## Work to be completed:
From the first line to the last, give the material again exactly, without the images.

## Dataset content:

=== Begin Enclosure ===

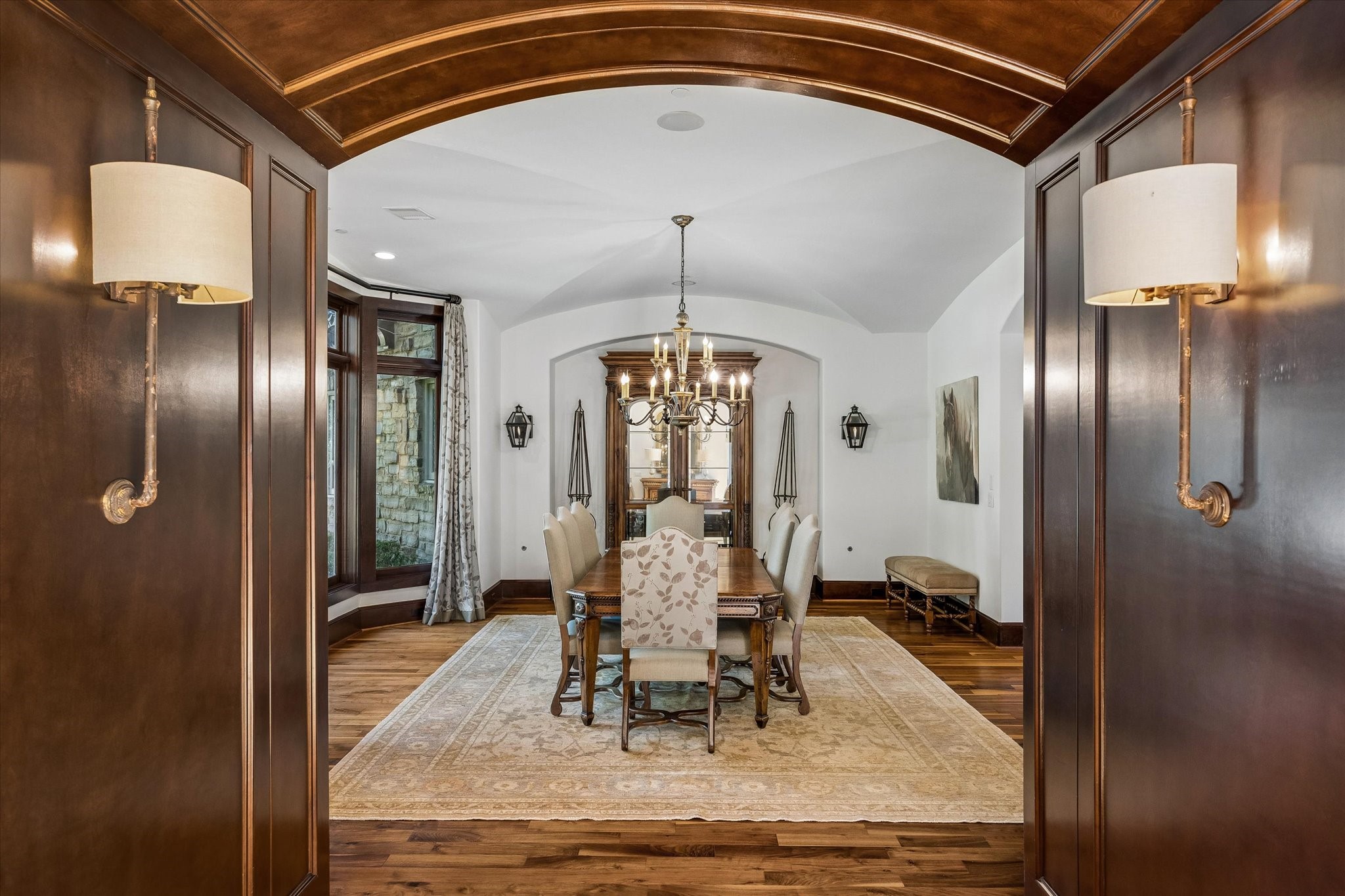 An elegant transition into the formal dining room, where rich wood paneling and an arched entry open to a spacious room with a graceful barrel-vaulted ceiling, hardwood floors, and natural light.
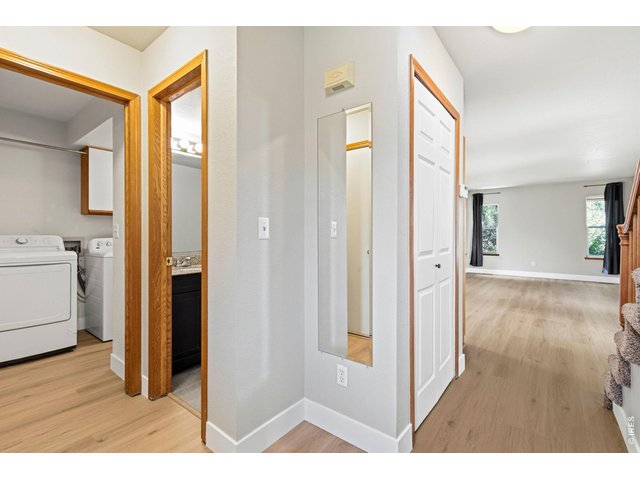 Property Photo 10 Entry way - notice the beautiful new LVP floors and baseboards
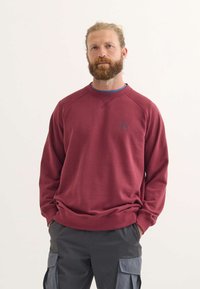 Felpa bordeaux con collo rotondo, polsini a coste e un piccolo logo sul petto. Abbinata a pantaloni cargo grigi. Texture liscia.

=== End Enclosure ===

## Output below:
 An elegant transition into the formal dining room, where rich wood paneling and an arched entry open to a spacious room with a graceful barrel-vaulted ceiling, hardwood floors, and natural light.
 Property Photo 10 Entry way - notice the beautiful new LVP floors and baseboards
 Felpa bordeaux con collo rotondo, polsini a coste e un piccolo logo sul petto. Abbinata a pantaloni cargo grigi. Texture liscia.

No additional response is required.